Wednesday, January 25, 2023

She Probably Believes This. But She's Wrong.

I truly don't understand how people can think this way:

It’s understandable that most parents would want to know if their child was undergoing such a significant transition. The question, though, isn’t what it’s reasonable for parents to want, but what it’s reasonable to enforce through laws and regulations. And it is wholly unreasonable to demand that a teenager’s experimentation with identity and belief, so long as that experimentation is not physically dangerous, be disclosed to parents. 

So teachers are to be trusted with this kind of information, but not parents? Why should teachers have this kind of power? Who has a more vested interest in doing what’s in the best interest of a child, a teacher or a parent? 

A post at Joanne's site was in a similar vein, including this point:

School officials had put her child "on a path the school wasn’t qualified to oversee," rather than let the family decide what was best, Bradshaw said.

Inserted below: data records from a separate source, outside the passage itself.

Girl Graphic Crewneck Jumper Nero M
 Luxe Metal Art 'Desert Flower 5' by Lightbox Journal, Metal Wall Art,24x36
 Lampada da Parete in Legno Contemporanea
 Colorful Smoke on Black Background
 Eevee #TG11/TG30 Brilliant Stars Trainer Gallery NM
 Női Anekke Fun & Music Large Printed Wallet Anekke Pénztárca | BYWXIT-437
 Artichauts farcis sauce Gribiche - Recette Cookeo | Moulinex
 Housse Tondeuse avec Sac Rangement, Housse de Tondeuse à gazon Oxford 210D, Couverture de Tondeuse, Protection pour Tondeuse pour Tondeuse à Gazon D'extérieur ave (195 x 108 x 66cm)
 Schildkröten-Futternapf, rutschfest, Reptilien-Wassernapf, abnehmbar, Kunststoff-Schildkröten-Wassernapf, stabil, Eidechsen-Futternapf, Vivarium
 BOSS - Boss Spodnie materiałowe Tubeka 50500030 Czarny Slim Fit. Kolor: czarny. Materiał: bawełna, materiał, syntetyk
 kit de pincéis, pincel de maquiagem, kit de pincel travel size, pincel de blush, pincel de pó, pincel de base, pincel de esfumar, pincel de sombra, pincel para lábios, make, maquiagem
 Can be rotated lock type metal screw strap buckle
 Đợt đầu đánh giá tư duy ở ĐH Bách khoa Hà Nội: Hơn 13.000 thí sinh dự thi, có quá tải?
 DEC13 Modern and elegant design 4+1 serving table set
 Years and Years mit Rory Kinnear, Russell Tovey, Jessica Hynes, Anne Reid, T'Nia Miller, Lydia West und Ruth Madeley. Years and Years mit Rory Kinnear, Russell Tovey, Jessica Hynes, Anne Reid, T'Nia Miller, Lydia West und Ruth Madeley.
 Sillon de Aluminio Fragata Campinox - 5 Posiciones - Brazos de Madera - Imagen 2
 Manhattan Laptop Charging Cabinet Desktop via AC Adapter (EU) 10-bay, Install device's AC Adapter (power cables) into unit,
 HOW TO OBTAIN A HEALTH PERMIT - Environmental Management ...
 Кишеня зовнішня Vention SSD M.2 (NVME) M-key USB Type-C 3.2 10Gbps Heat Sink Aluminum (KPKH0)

Jill, the author at the first link above, is a leftist nutjob. Her own words demonstrate that.

2 comments:

Randomizer said...

How can administrators consider themselves the good guys if they routinely lie to parents? It is disconcerting that in America, there are people who aren't reluctant to say that the state has a great concern and interest for a child, then the child's parents.

Peggy U said...

I have a friend who quit teaching over that very issue. She couldn't, in good conscience, withhold that information from the parent of a child who was transitioning on the sly at school.